*How to complete this task:* Transcribe exactly, please, the lines from the one containing "Amazing magazine Cover" through the end of the records below, and leave out the pictures.

[[ Input for this task open ]]

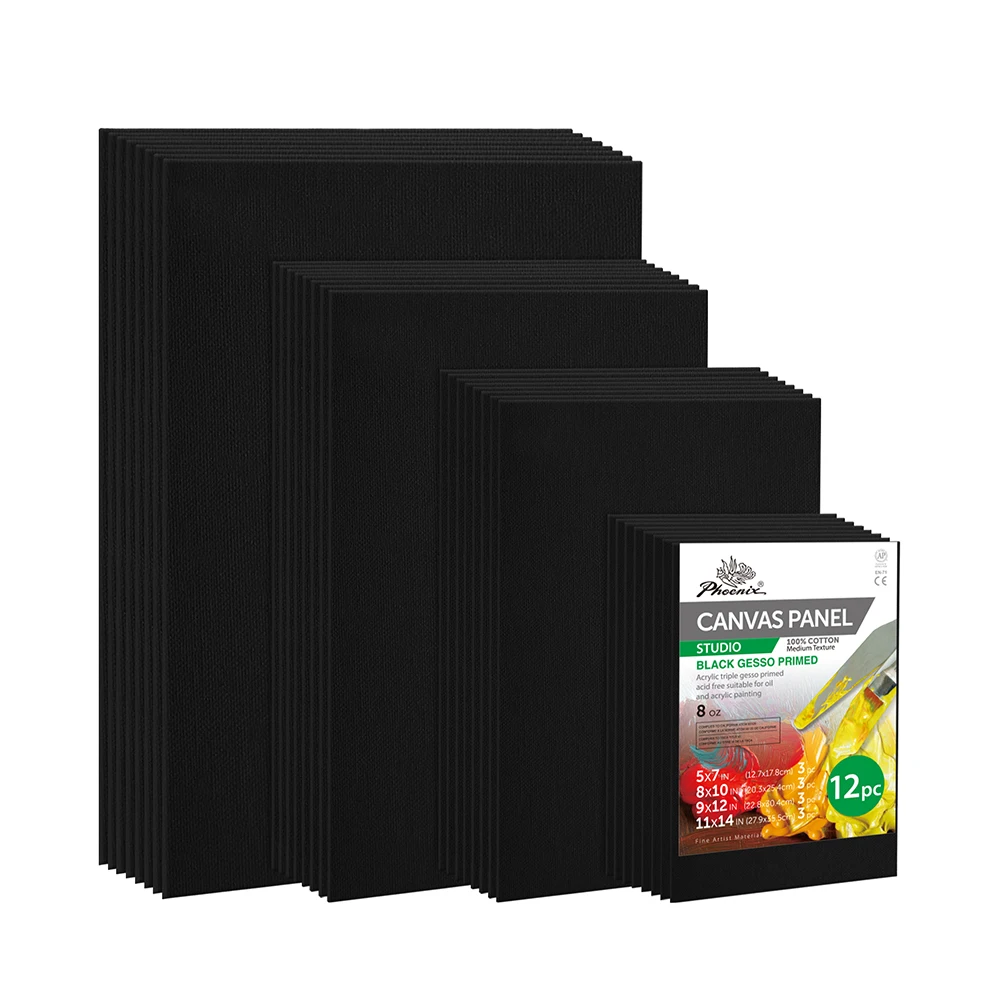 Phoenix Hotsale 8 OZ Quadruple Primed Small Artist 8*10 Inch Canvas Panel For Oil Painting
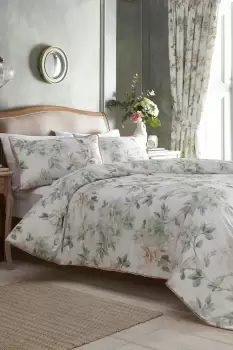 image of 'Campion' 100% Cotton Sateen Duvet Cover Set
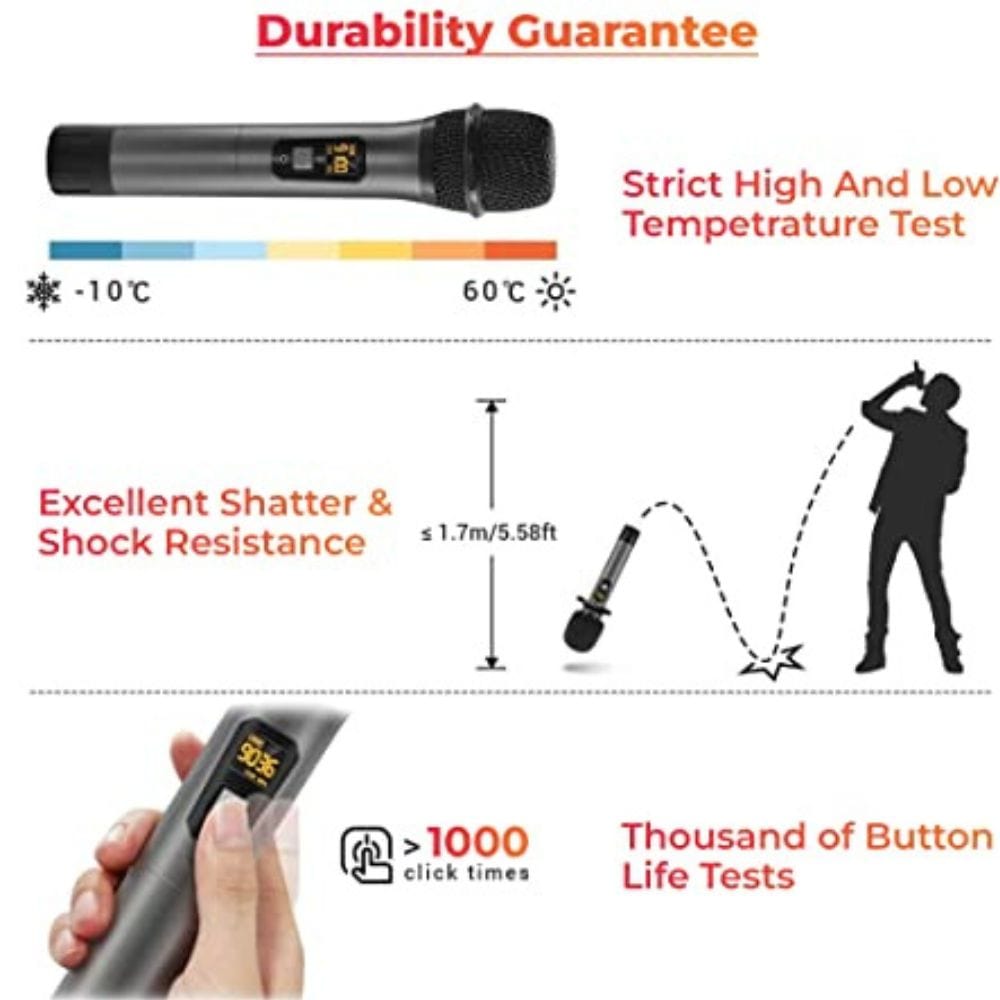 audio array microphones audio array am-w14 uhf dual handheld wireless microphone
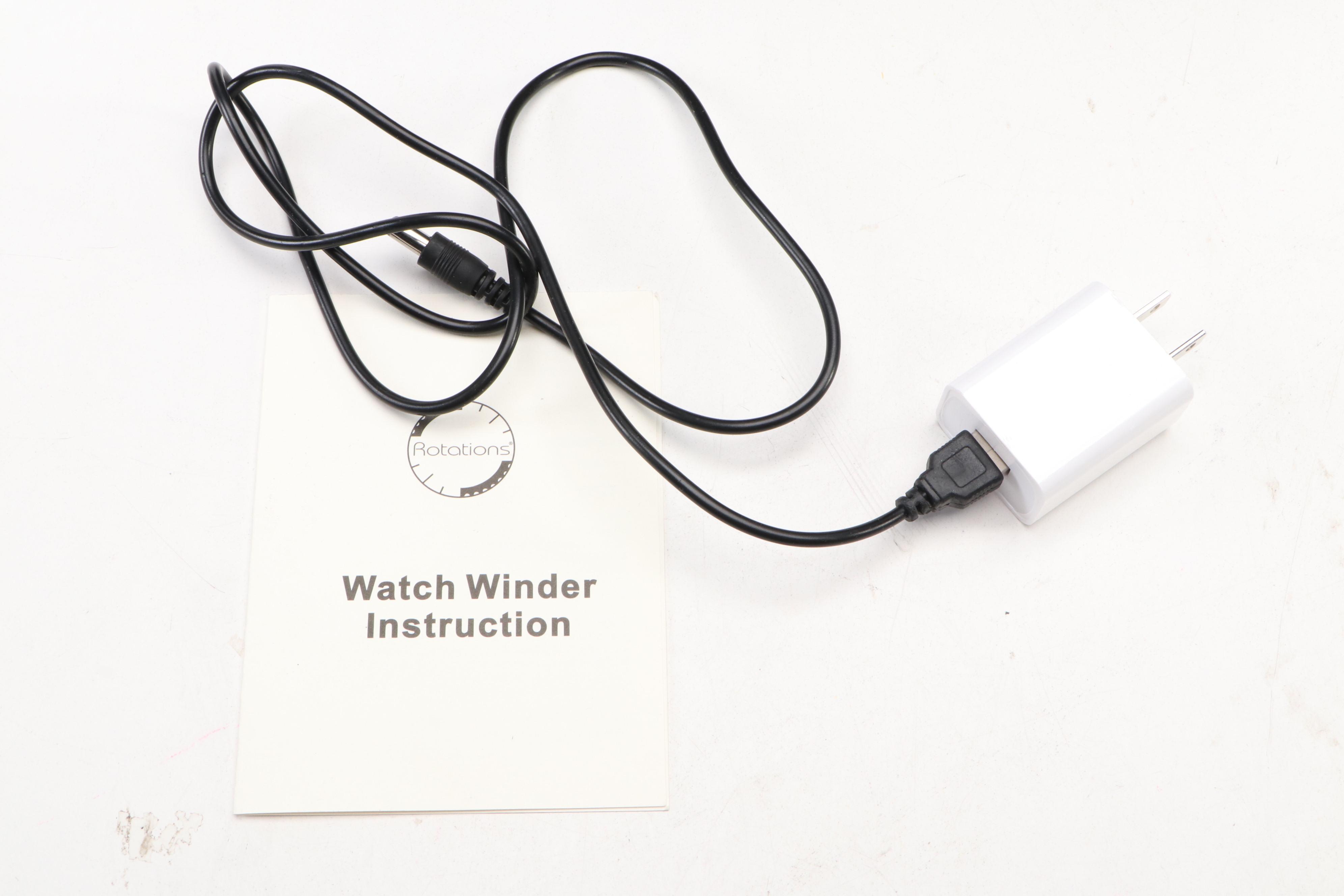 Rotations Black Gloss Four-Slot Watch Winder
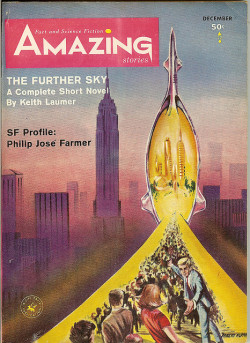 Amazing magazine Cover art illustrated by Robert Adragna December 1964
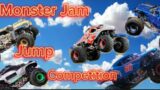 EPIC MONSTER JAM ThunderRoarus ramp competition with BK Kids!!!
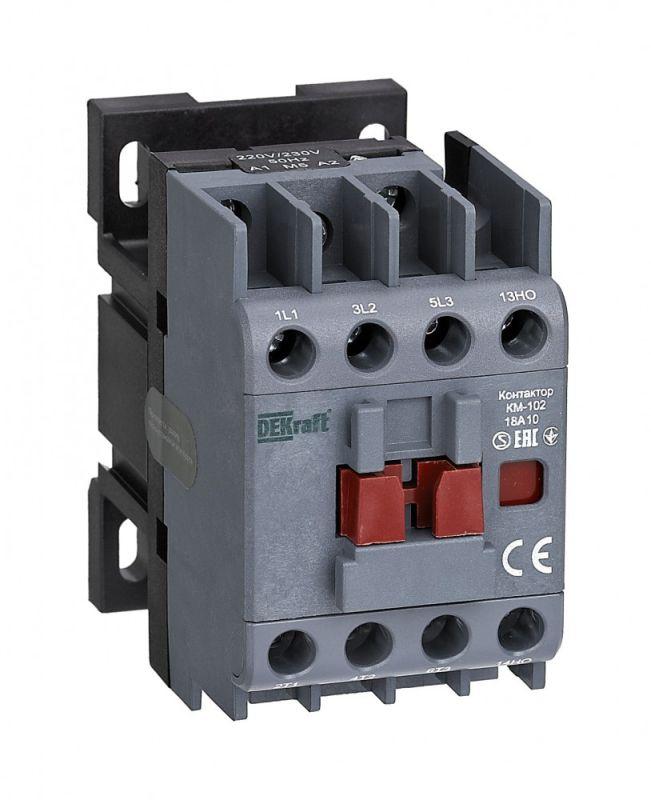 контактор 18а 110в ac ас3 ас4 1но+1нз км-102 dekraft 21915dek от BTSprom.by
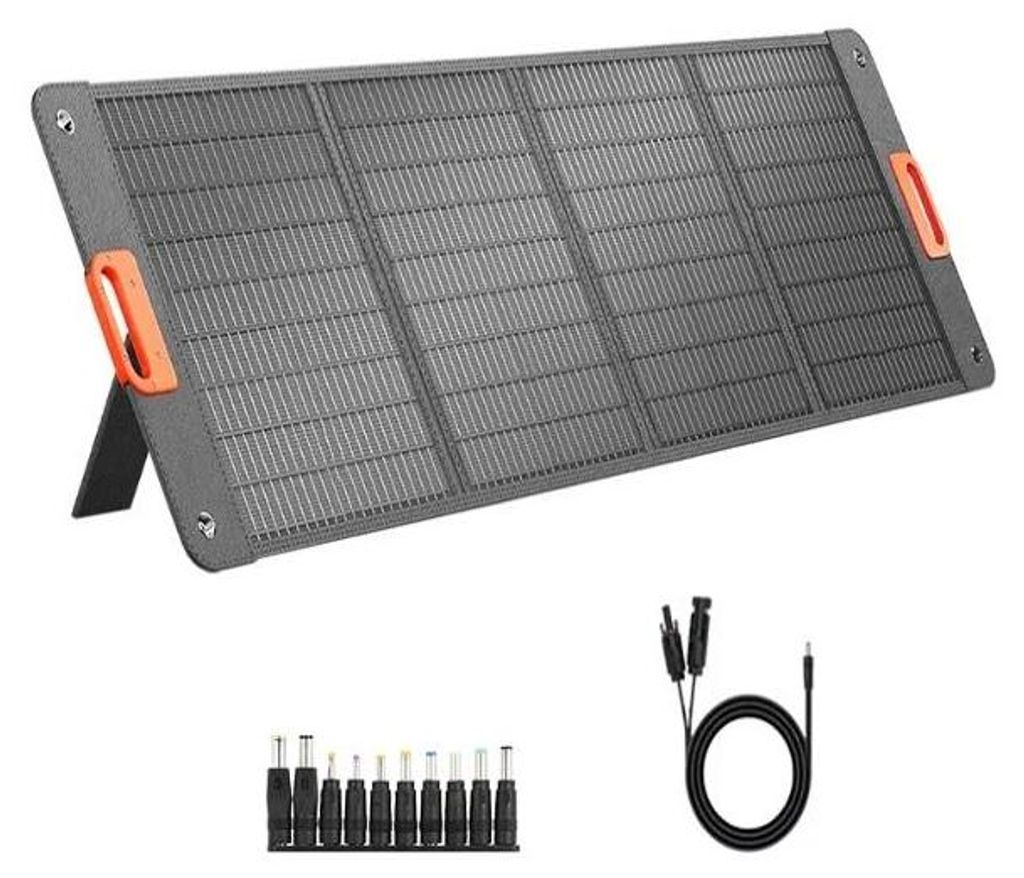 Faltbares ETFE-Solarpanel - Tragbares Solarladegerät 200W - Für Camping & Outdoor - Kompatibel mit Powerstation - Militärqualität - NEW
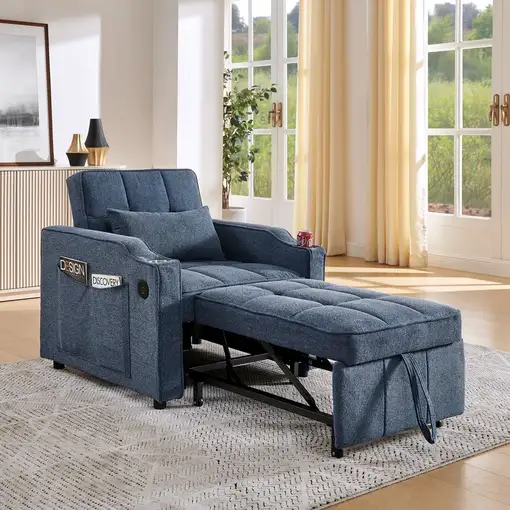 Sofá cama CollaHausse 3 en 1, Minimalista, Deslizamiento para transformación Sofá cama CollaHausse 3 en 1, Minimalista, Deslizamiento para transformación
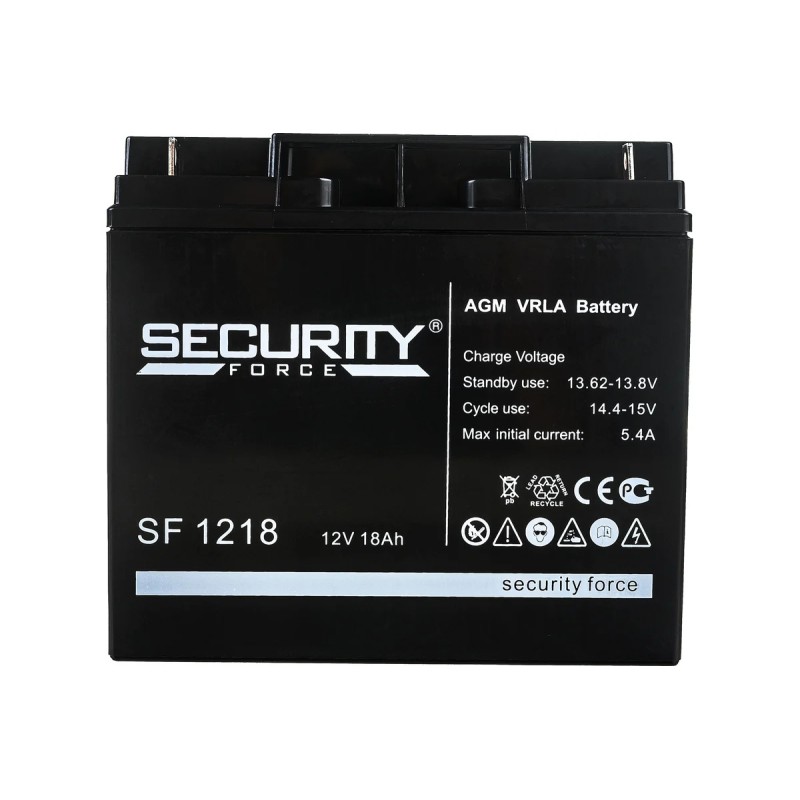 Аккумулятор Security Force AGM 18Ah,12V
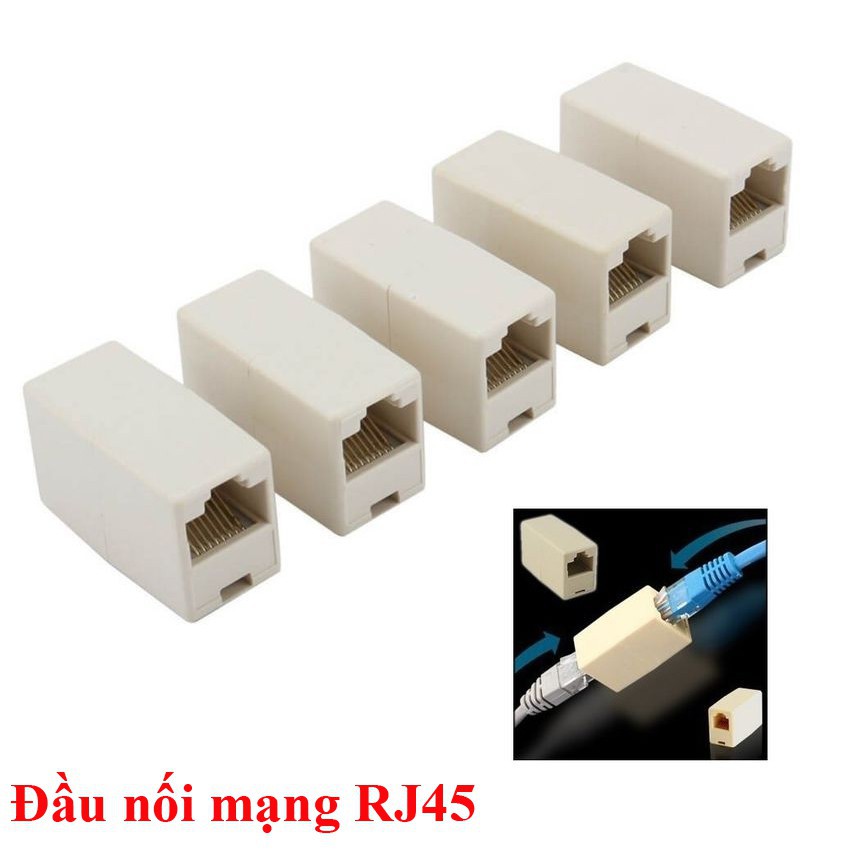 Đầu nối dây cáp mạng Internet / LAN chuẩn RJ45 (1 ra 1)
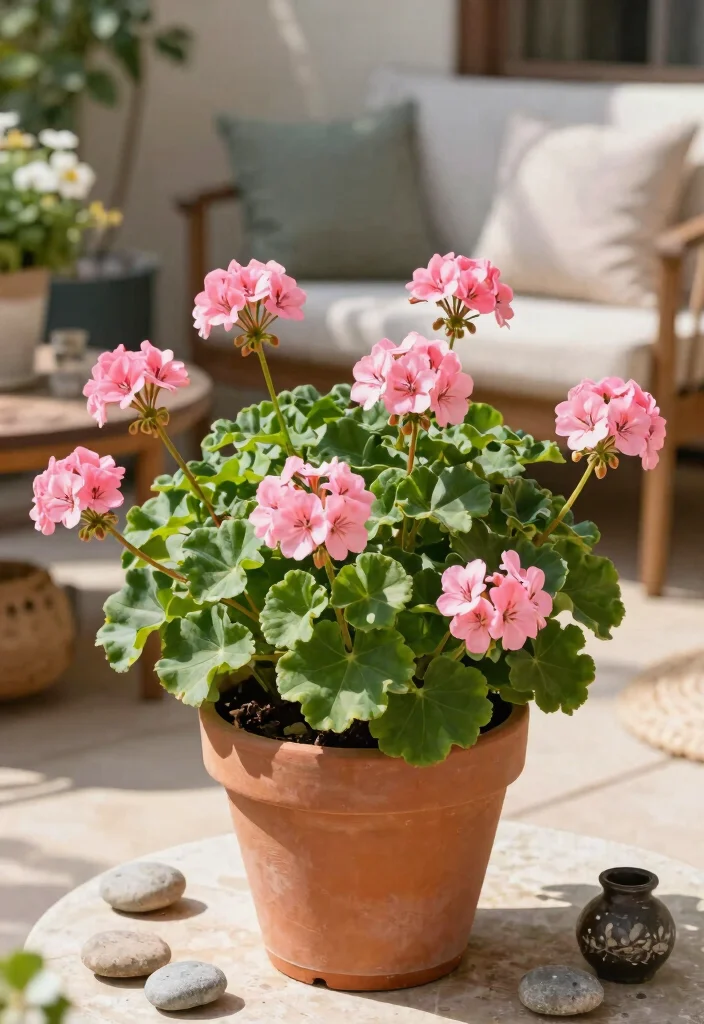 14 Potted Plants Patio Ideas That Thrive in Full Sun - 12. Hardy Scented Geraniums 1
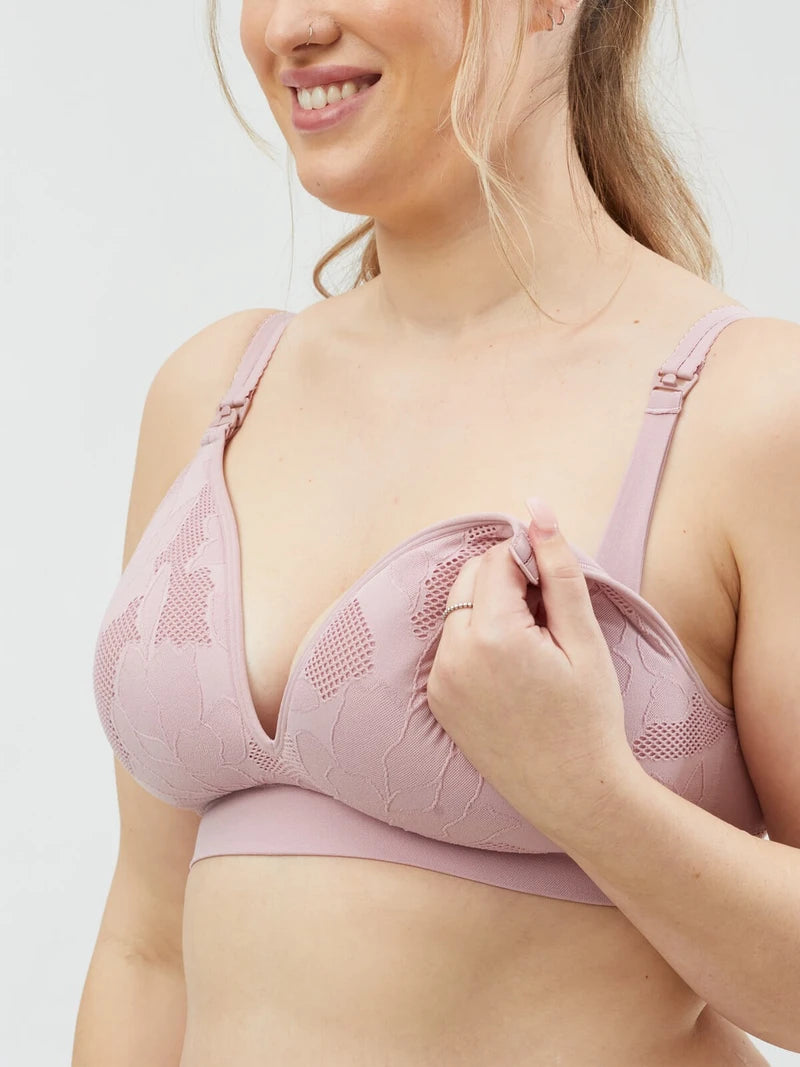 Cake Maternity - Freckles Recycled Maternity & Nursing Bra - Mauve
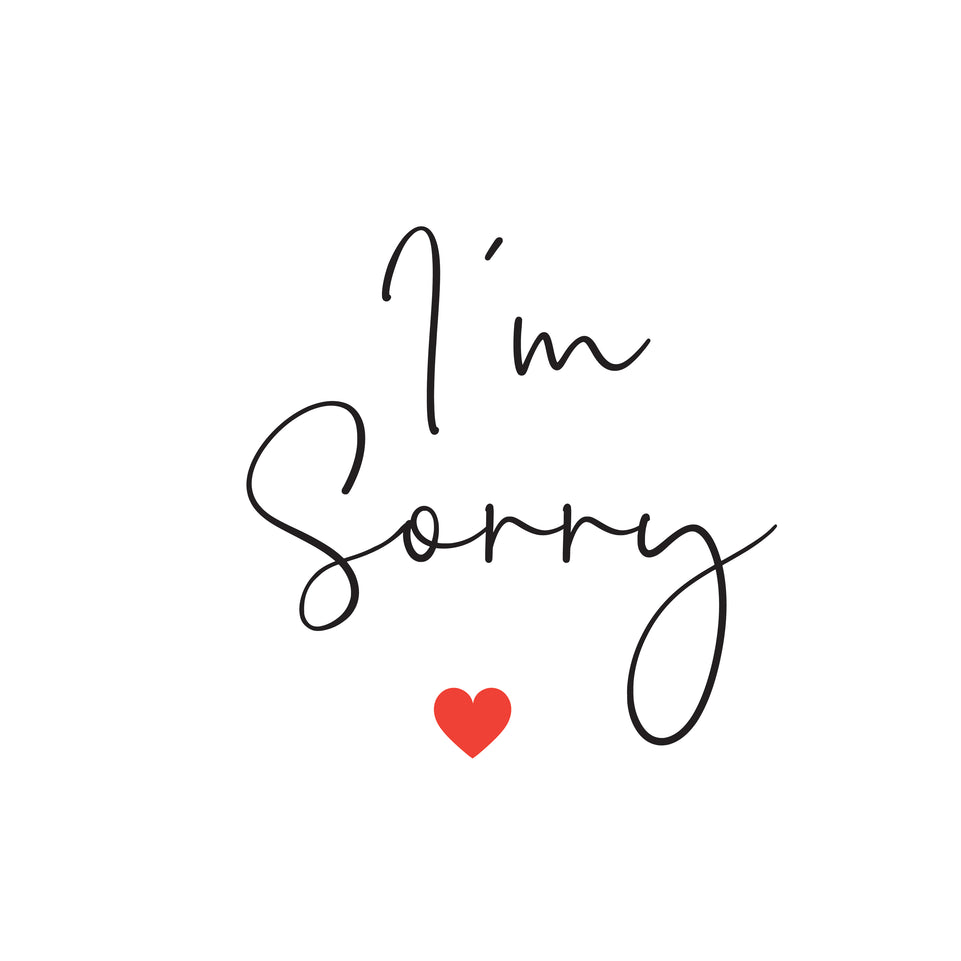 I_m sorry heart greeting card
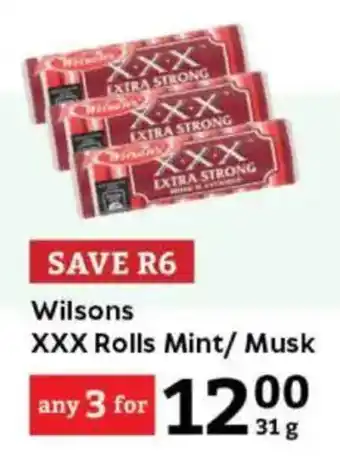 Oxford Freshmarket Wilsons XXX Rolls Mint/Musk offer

[[ Input for this task closed ]]

*Written answer:*
 Amazing magazine Cover art illustrated by Robert Adragna December 1964
 EPIC MONSTER JAM ThunderRoarus ramp competition with BK Kids!!!
 контактор 18а 110в ac ас3 ас4 1но+1нз км-102 dekraft 21915dek от BTSprom.by
 Faltbares ETFE-Solarpanel - Tragbares Solarladegerät 200W - Für Camping & Outdoor - Kompatibel mit Powerstation - Militärqualität - NEW
 Sofá cama CollaHausse 3 en 1, Minimalista, Deslizamiento para transformación Sofá cama CollaHausse 3 en 1, Minimalista, Deslizamiento para transformación
 Аккумулятор Security Force AGM 18Ah,12V
 Đầu nối dây cáp mạng Internet / LAN chuẩn RJ45 (1 ra 1)
 14 Potted Plants Patio Ideas That Thrive in Full Sun - 12. Hardy Scented Geraniums 1
 Cake Maternity - Freckles Recycled Maternity & Nursing Bra - Mauve
 I_m sorry heart greeting card
 Oxford Freshmarket Wilsons XXX Rolls Mint/Musk offer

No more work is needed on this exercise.